Note: The Connecticut Media Group is not responsible for posts and comments written by non-staff members.

Westport on the Move

161006-ys-men-harmer-kane-marpeY’s Men were treated to a “Westport on The Move” doubleheader last Thursday. First Selectman Jim Marpe introduced Melissa Kane, who summarized the Downtown Implementation Plan, then Library Executive Director Bill Harmer, who showed off the plan for the proposed Library renovations.

Ms. Kane identified the Downtown Plan’s objectives as including “reflecting and celebrating” Westport’s uniqueness, maintaining its “small town” character, and making the downtown more accessible and usable.

The Plan encompasses 53 projects in four categories — Places: Streetscapes & Public Spaces; Mobility: Traffic & Circulation; Parking: Capacity & Management; and Water: Stormwater & Flood Protection.

Thirty one are Short Term, and are scheduled for completion by late next year.
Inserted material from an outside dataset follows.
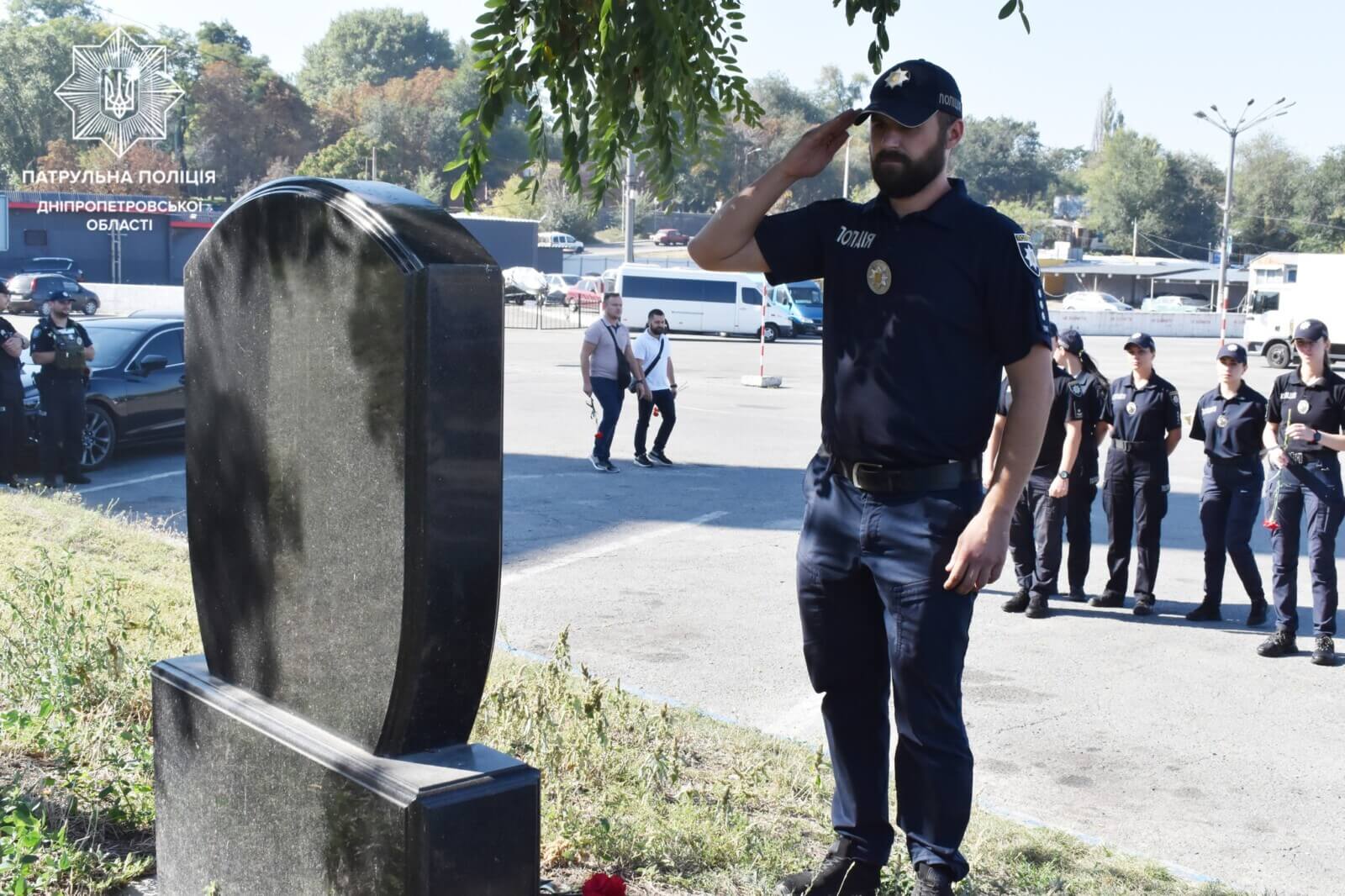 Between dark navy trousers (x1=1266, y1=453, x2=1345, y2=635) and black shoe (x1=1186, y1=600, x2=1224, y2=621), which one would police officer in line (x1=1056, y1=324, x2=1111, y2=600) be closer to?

Sixteen Mid Term projects will follow, with completion scheduled by year end 2020. The final six are Long Term and will follow, with completion projected for the middle of the next decade.

These projects will substantially enhance the appearance and functioning of downtown, among them: the sidewalk network will be expanded, Post Road crossings will be made safer, and five bicycle racks will be placed downtown; more attractive and useful signage will be installed to help Westporters and visitors alike navigate the town; a Westport Arts & Culture Heritage “Trail” will be created; the Baldwin and Avery lots will be merged to improve the supply and accessibility of parking; stormwater management will be improved; Toquet Hall will be enhanced, Parker Harding upgraded and Jesup Green reinvented. And the Library will be transformed.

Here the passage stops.